▶ _YOUR TASK_
Retype each of the entries below exactly as written.
[Start of section]
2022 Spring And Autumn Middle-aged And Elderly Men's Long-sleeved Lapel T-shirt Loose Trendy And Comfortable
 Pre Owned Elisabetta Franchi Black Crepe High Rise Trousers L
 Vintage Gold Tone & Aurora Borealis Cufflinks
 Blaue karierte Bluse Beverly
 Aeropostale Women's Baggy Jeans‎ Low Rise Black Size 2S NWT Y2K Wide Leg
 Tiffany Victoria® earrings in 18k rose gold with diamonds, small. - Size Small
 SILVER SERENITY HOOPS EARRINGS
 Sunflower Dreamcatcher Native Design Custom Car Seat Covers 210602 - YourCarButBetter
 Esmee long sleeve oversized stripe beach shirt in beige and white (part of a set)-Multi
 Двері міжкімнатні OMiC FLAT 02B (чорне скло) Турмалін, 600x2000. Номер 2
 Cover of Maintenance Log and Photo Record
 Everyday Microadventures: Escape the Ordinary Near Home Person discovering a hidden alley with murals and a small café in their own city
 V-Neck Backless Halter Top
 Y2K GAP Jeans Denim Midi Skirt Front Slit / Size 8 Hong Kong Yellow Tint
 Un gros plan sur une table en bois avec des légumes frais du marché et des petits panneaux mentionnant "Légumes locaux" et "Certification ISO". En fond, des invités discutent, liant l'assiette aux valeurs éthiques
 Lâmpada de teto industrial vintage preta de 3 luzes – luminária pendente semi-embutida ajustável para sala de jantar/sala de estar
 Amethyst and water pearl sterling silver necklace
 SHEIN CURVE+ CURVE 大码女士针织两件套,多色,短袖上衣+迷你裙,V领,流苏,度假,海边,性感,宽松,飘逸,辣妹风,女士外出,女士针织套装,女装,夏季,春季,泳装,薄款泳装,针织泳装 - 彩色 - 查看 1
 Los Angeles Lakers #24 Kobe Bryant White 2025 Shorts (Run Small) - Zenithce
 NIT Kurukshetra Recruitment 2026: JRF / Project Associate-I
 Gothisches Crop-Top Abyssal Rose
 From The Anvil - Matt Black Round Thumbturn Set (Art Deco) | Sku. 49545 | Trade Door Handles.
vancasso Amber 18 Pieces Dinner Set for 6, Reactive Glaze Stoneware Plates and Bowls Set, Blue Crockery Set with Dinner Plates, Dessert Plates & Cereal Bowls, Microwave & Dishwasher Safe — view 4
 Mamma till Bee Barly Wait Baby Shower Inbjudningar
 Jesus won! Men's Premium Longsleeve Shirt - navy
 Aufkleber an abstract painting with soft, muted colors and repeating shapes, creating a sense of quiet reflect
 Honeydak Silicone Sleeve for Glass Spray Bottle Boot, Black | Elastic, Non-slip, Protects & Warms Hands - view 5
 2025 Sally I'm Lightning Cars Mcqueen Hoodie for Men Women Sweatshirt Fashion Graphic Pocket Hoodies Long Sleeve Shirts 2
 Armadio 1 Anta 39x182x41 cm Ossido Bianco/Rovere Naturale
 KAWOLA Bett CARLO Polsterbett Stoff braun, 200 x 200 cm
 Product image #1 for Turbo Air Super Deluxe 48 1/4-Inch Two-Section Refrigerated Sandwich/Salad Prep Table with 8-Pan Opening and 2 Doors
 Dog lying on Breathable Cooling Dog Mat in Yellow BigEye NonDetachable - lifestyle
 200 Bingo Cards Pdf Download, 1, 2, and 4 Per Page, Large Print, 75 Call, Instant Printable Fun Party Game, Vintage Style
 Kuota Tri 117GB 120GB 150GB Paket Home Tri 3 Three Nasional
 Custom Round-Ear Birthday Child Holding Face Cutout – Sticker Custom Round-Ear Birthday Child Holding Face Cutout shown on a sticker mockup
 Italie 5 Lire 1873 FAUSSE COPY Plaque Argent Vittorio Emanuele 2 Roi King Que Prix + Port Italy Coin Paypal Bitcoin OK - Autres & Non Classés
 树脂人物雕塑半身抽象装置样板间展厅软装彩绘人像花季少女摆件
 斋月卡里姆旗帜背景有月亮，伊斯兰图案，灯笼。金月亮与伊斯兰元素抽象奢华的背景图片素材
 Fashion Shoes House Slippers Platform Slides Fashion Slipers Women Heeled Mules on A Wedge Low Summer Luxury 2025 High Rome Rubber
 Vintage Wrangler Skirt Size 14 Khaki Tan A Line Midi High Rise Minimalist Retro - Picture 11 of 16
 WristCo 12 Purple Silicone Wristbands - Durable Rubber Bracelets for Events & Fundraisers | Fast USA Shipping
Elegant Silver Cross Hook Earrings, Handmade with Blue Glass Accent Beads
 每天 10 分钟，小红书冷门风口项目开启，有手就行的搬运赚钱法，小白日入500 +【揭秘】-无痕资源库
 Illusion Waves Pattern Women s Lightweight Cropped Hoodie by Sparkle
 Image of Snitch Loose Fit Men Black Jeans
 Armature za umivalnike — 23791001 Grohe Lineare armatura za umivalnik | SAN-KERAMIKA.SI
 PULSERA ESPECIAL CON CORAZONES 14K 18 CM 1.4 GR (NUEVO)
[End of section]
▶ _RESPONSE_
2022 Spring And Autumn Middle-aged And Elderly Men's Long-sleeved Lapel T-shirt Loose Trendy And Comfortable
 Pre Owned Elisabetta Franchi Black Crepe High Rise Trousers L
 Vintage Gold Tone & Aurora Borealis Cufflinks
 Blaue karierte Bluse Beverly
 Aeropostale Women's Baggy Jeans‎ Low Rise Black Size 2S NWT Y2K Wide Leg
 Tiffany Victoria® earrings in 18k rose gold with diamonds, small. - Size Small
 SILVER SERENITY HOOPS EARRINGS
 Sunflower Dreamcatcher Native Design Custom Car Seat Covers 210602 - YourCarButBetter
 Esmee long sleeve oversized stripe beach shirt in beige and white (part of a set)-Multi
 Двері міжкімнатні OMiC FLAT 02B (чорне скло) Турмалін, 600x2000. Номер 2
 Cover of Maintenance Log and Photo Record
 Everyday Microadventures: Escape the Ordinary Near Home Person discovering a hidden alley with murals and a small café in their own city
 V-Neck Backless Halter Top
 Y2K GAP Jeans Denim Midi Skirt Front Slit / Size 8 Hong Kong Yellow Tint
 Un gros plan sur une table en bois avec des légumes frais du marché et des petits panneaux mentionnant "Légumes locaux" et "Certification ISO". En fond, des invités discutent, liant l'assiette aux valeurs éthiques
 Lâmpada de teto industrial vintage preta de 3 luzes – luminária pendente semi-embutida ajustável para sala de jantar/sala de estar
 Amethyst and water pearl sterling silver necklace
 SHEIN CURVE+ CURVE 大码女士针织两件套,多色,短袖上衣+迷你裙,V领,流苏,度假,海边,性感,宽松,飘逸,辣妹风,女士外出,女士针织套装,女装,夏季,春季,泳装,薄款泳装,针织泳装 - 彩色 - 查看 1
 Los Angeles Lakers #24 Kobe Bryant White 2025 Shorts (Run Small) - Zenithce
 NIT Kurukshetra Recruitment 2026: JRF / Project Associate-I
 Gothisches Crop-Top Abyssal Rose
 From The Anvil - Matt Black Round Thumbturn Set (Art Deco) | Sku. 49545 | Trade Door Handles.
vancasso Amber 18 Pieces Dinner Set for 6, Reactive Glaze Stoneware Plates and Bowls Set, Blue Crockery Set with Dinner Plates, Dessert Plates & Cereal Bowls, Microwave & Dishwasher Safe — view 4
 Mamma till Bee Barly Wait Baby Shower Inbjudningar
 Jesus won! Men's Premium Longsleeve Shirt - navy
 Aufkleber an abstract painting with soft, muted colors and repeating shapes, creating a sense of quiet reflect
 Honeydak Silicone Sleeve for Glass Spray Bottle Boot, Black | Elastic, Non-slip, Protects & Warms Hands - view 5
 2025 Sally I'm Lightning Cars Mcqueen Hoodie for Men Women Sweatshirt Fashion Graphic Pocket Hoodies Long Sleeve Shirts 2
 Armadio 1 Anta 39x182x41 cm Ossido Bianco/Rovere Naturale
 KAWOLA Bett CARLO Polsterbett Stoff braun, 200 x 200 cm
 Product image #1 for Turbo Air Super Deluxe 48 1/4-Inch Two-Section Refrigerated Sandwich/Salad Prep Table with 8-Pan Opening and 2 Doors
 Dog lying on Breathable Cooling Dog Mat in Yellow BigEye NonDetachable - lifestyle
 200 Bingo Cards Pdf Download, 1, 2, and 4 Per Page, Large Print, 75 Call, Instant Printable Fun Party Game, Vintage Style
 Kuota Tri 117GB 120GB 150GB Paket Home Tri 3 Three Nasional
 Custom Round-Ear Birthday Child Holding Face Cutout – Sticker Custom Round-Ear Birthday Child Holding Face Cutout shown on a sticker mockup
 Italie 5 Lire 1873 FAUSSE COPY Plaque Argent Vittorio Emanuele 2 Roi King Que Prix + Port Italy Coin Paypal Bitcoin OK - Autres & Non Classés
 树脂人物雕塑半身抽象装置样板间展厅软装彩绘人像花季少女摆件
 斋月卡里姆旗帜背景有月亮，伊斯兰图案，灯笼。金月亮与伊斯兰元素抽象奢华的背景图片素材
 Fashion Shoes House Slippers Platform Slides Fashion Slipers Women Heeled Mules on A Wedge Low Summer Luxury 2025 High Rome Rubber
 Vintage Wrangler Skirt Size 14 Khaki Tan A Line Midi High Rise Minimalist Retro - Picture 11 of 16
 WristCo 12 Purple Silicone Wristbands - Durable Rubber Bracelets for Events & Fundraisers | Fast USA Shipping
Elegant Silver Cross Hook Earrings, Handmade with Blue Glass Accent Beads
 每天 10 分钟，小红书冷门风口项目开启，有手就行的搬运赚钱法，小白日入500 +【揭秘】-无痕资源库
 Illusion Waves Pattern Women s Lightweight Cropped Hoodie by Sparkle
 Image of Snitch Loose Fit Men Black Jeans
 Armature za umivalnike — 23791001 Grohe Lineare armatura za umivalnik | SAN-KERAMIKA.SI
 PULSERA ESPECIAL CON CORAZONES 14K 18 CM 1.4 GR (NUEVO)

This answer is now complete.